··· Record excerpts ···

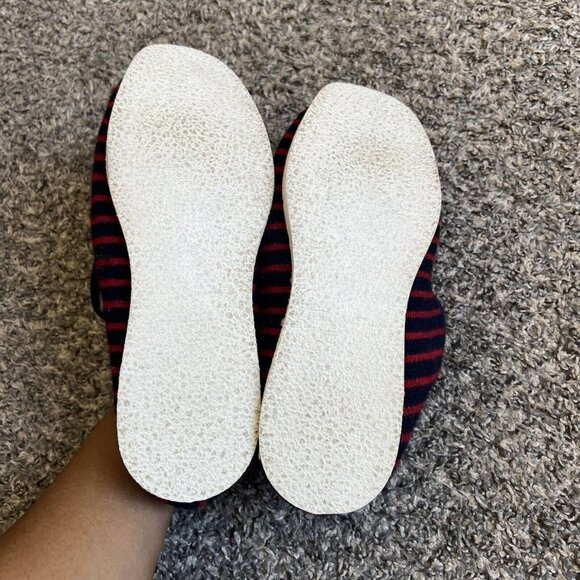 ARMOR LUX Men’s Hand Made WOOL SLIPPERS Red Blue Striped  Size 10 - Picture 3 of 6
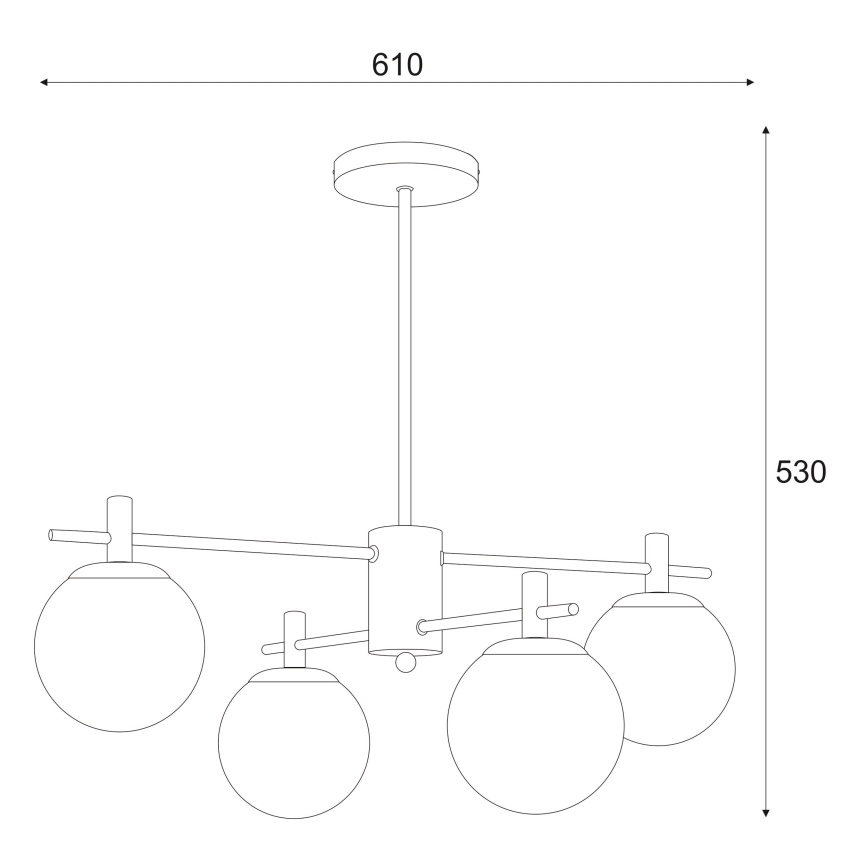 Hanglamp met vaste pendel LILOU 4xE14/5W/230V mat chroom/gerookt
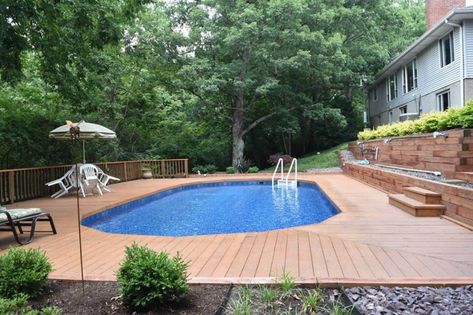 Pool Outdoor Living, Doughboy Pool, Small Above Ground Pool, Pool Deck Plans, Pool Ideas On A Budget, Best Above Ground Pool, Swimming Pool Photos, Above Ground Pools, Round Pool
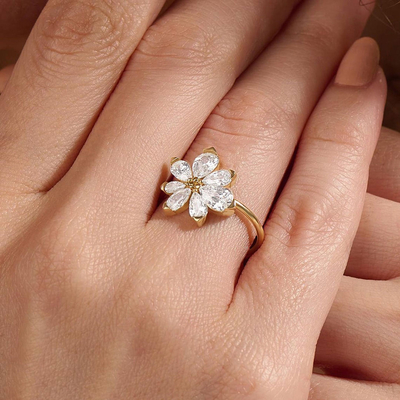 1.25CT Pear Cut Moissanite Flower Engagement Ring In Sterling Silver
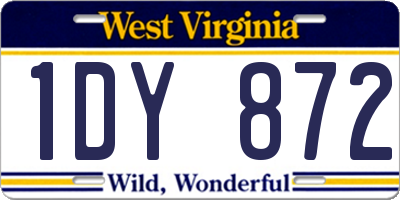 WV license plate 1DY872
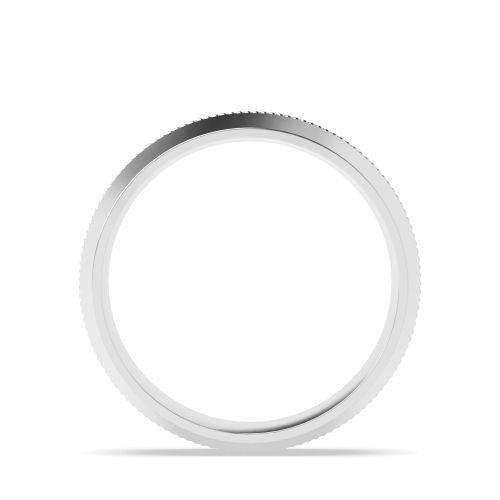 Court centre millgrain groove profile Plain Ring Wedding Rings & Bands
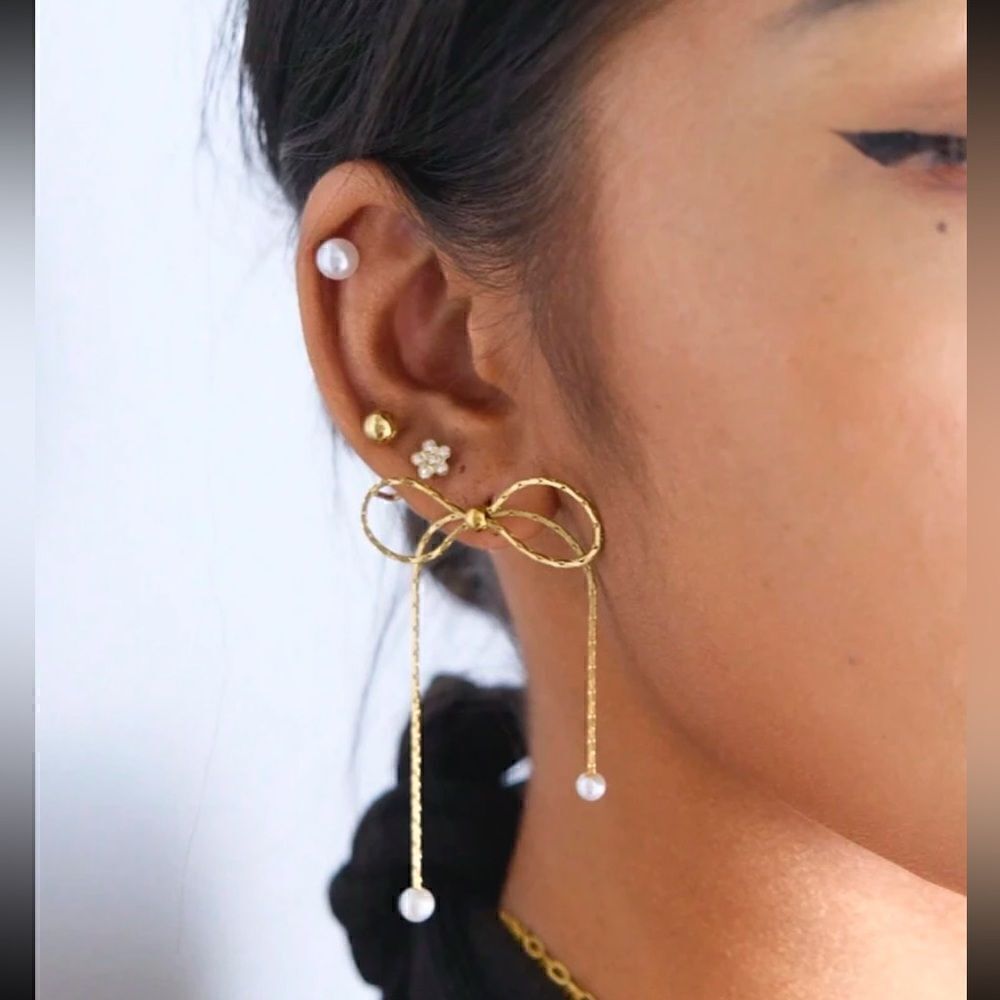 Boho pearl drop earrings M598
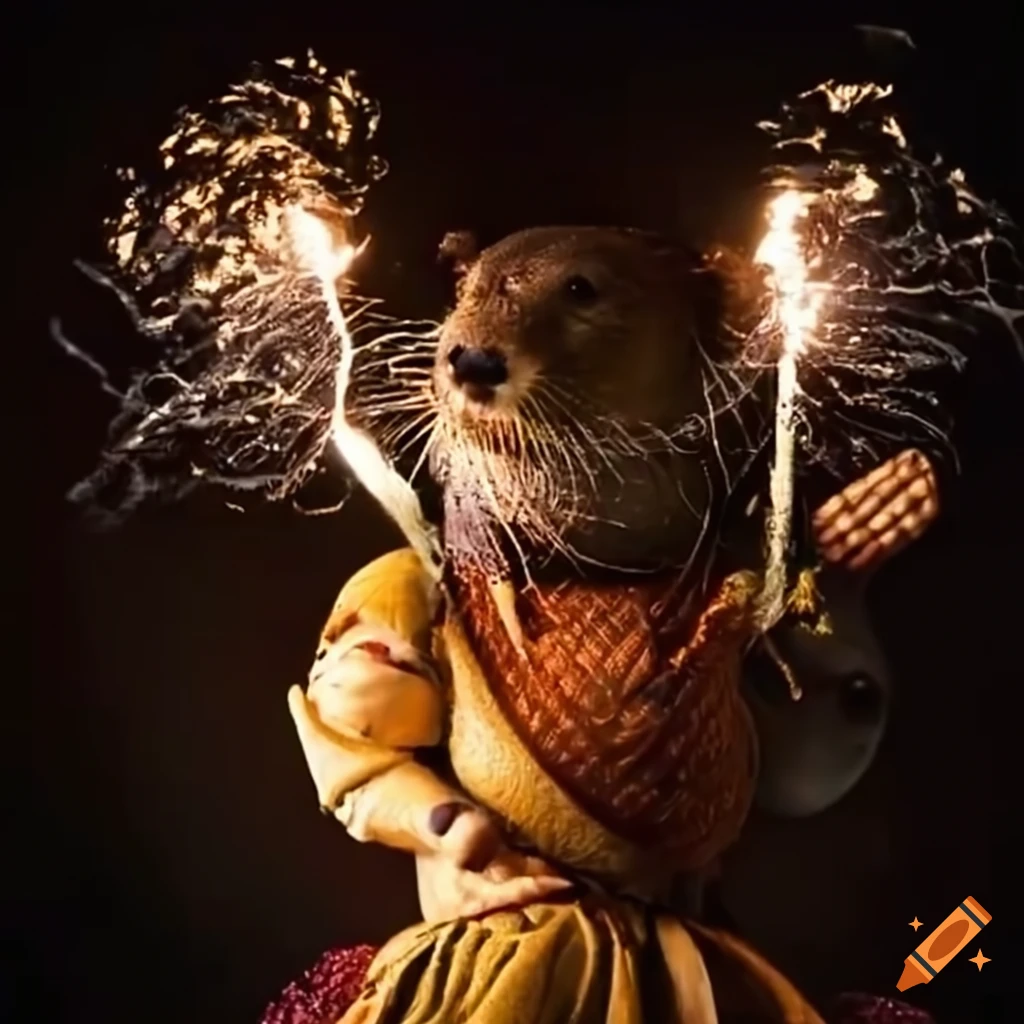 funny otter dressed as a Valencian fallero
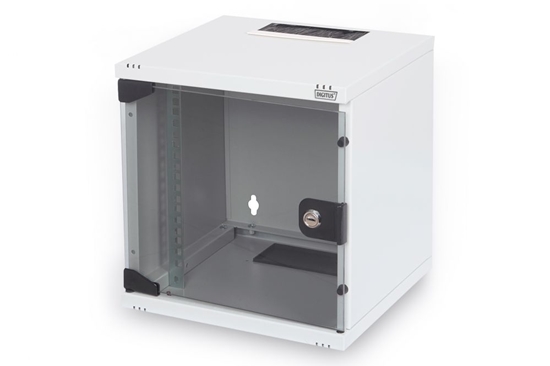 Picture of Digitus 10" Network Set, 6U cabinet, shelf, PDU, 8-port switch, CAT 6 patch panel, Grey DN-10-SET-1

···

### Assignment
Leave the pictures aside and transcribe only the lines from the one holding "Boho pearl drop earrings M598" through the final line of the records above.

### Exercise response
 Boho pearl drop earrings M598
 funny otter dressed as a Valencian fallero
 Picture of Digitus 10" Network Set, 6U cabinet, shelf, PDU, 8-port switch, CAT 6 patch panel, Grey DN-10-SET-1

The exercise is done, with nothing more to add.